Date of Award

1-1-2009

Document Type

Campus Access Dissertation

Department

Earth and Ocean Sciences

Sub-Department

Geology

First Advisor

Alicia M. Wilson

Abstract

The origin and residence times of porefluids in the Alberta Basin have been debated for more than 40 years with conflicting conclusions reported by geochemical and hydrogeologic studies. In this study, brine migration and groundwater age were simulated over the last 100 million years, along a 700 Km, east-west cross-section of the basin, using salinity and Cl/Br ratios as geochemical constraints. The 2D finite element FORTRAN code COMPACT was used to simulate variable-density fluid flow, heat transport, solute transport, and sediment compaction in a tectonically evolving basin. COMPACT was modified to add effects of erosion and sediment decompaction, and dissolution of evaporites.

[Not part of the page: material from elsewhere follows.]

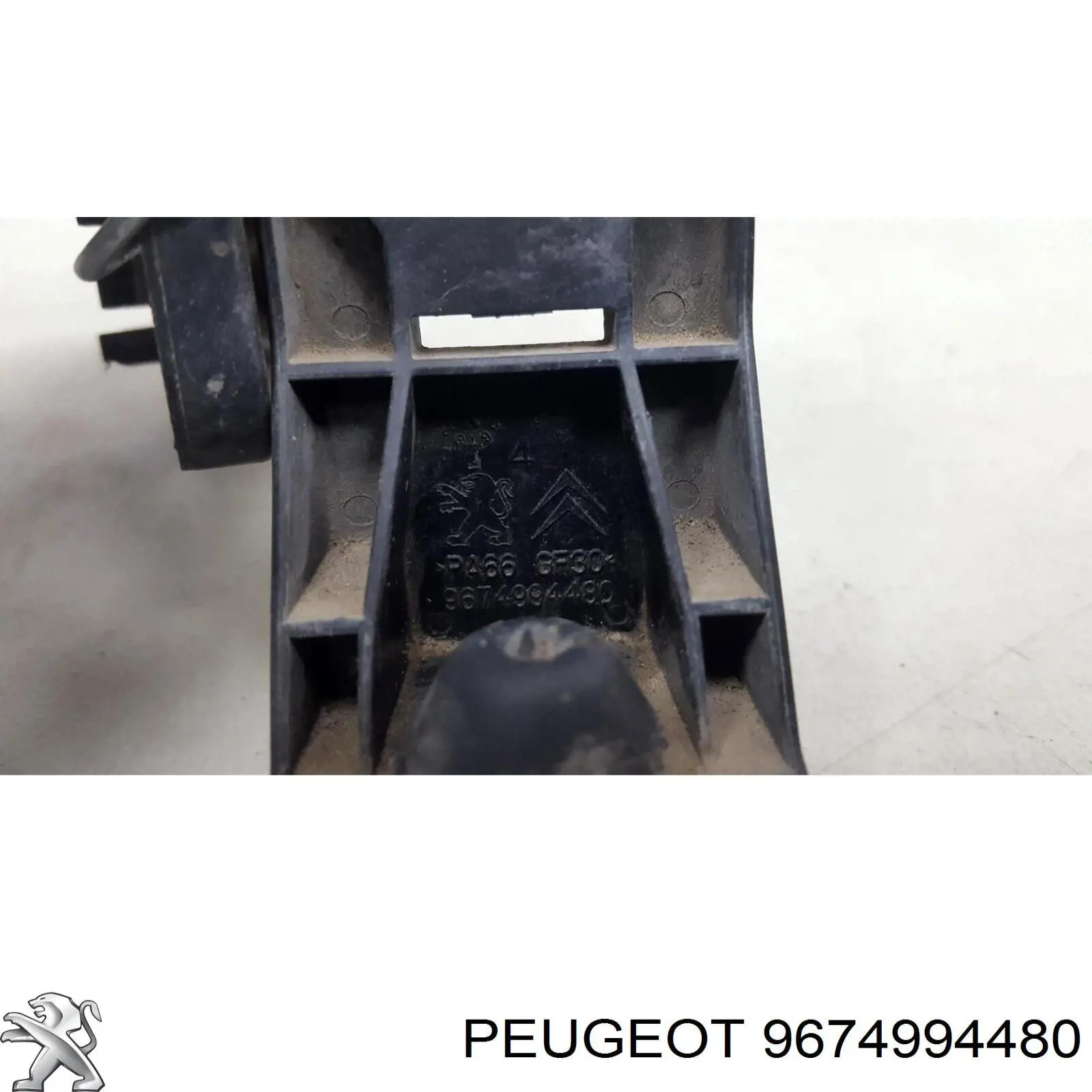 Кронштейн кріплення радіатора кондиціонера Peugeot 301 (Пежо 301)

Fluid flow results indicate the development of compaction-driven, topography-driven and buoyancy-driven flows in the basin during the 100 million year history of basin deposition, uplift and erosion. Compaction-driven flow occurred during deposition of the foreland basin (100 Ma to 60 Ma). A regional fluid drain developed from west to east along permeable layers of the Viking and Mannville Formations below the thick Cretaceous shales of the Colorado Group of rocks by the end of maximum burial (60 Ma). Smaller regional fluid drains along permeable carbonate layers in the Paleozoic formations and the Cambrian Sandstone in the deeper parts of the basin were also found at the end of 60 Ma. A strong topography-driven flow system developed as a consequence of the uplift of the Rockies and waned with the onset of erosion. At present, there exists a shallow, topography-driven flow system in the post-Colorado group of rocks and a deeper, buoyancy driven flow system driven by thermo-haline effects in the Paleozoic formations.

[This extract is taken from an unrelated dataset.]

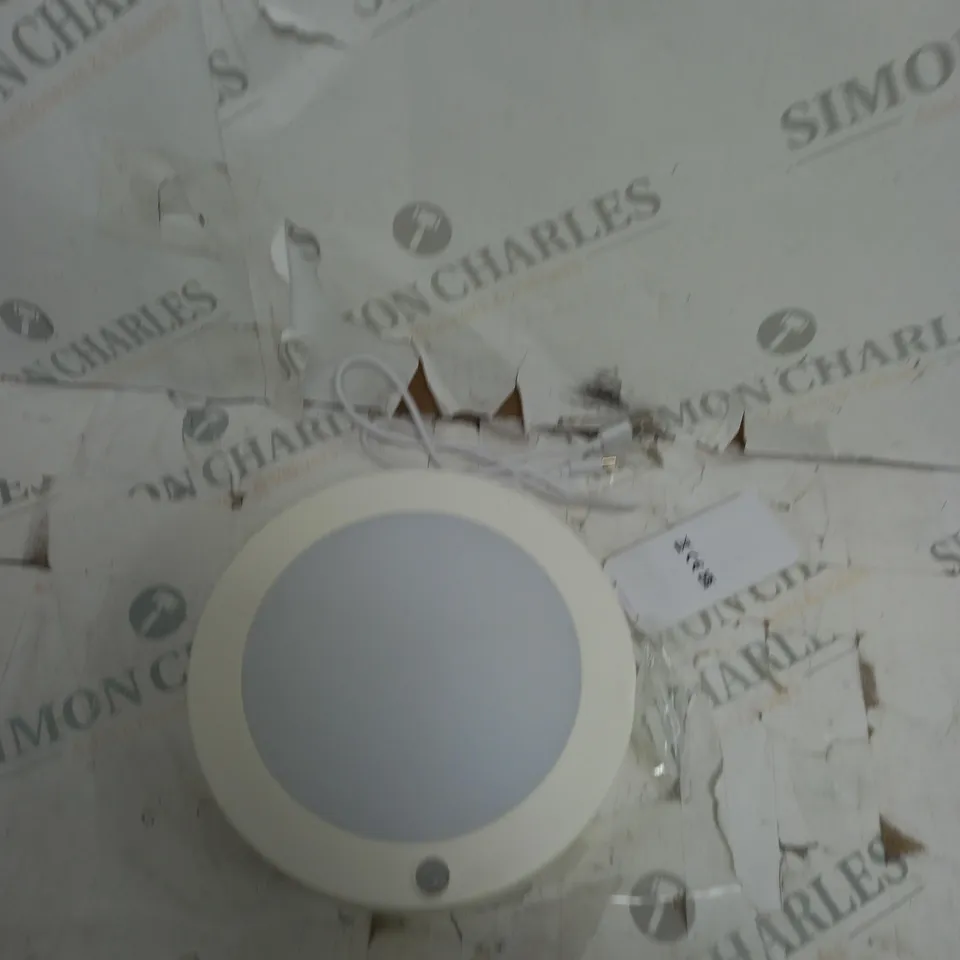 FLIPO PIR RECHARGEABLE CEILING LIGHT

Simulation results suggest that porefluids in this basin represent a mixture of four geochemical end-members: seawater, freshwater, brines formed by evaporation of seawater, and, contrary to prior interpretations of Cl/Br ratios, brines derived from halite dissolution. Sensitivity studies revealed that similar distributions of salinity and Cl/Br ratios could be obtained using extremely low permeabilities, a scenario that was ruled out based on field-based permeability data and prior simulations of petroleum migration in the basin. Geochemical data can provide important constraints for regional-scale models, but the presence of evaporites introduces significant uncertainty in using Cl/Br ratios for interpreting origin of brines in sedimentary basins.

Groundwater age and residence times vary across the basin. The maximum residence time of the deepest brines in the western most parts of the Alberta Basin was found to be about 210 million years. Results suggest that although old, residual brines still exist in the deepest parts of the basin, these waters have signatures of at least 14% and up to 26% meteoric flushing. Fresh, young waters exist only in shallow formations.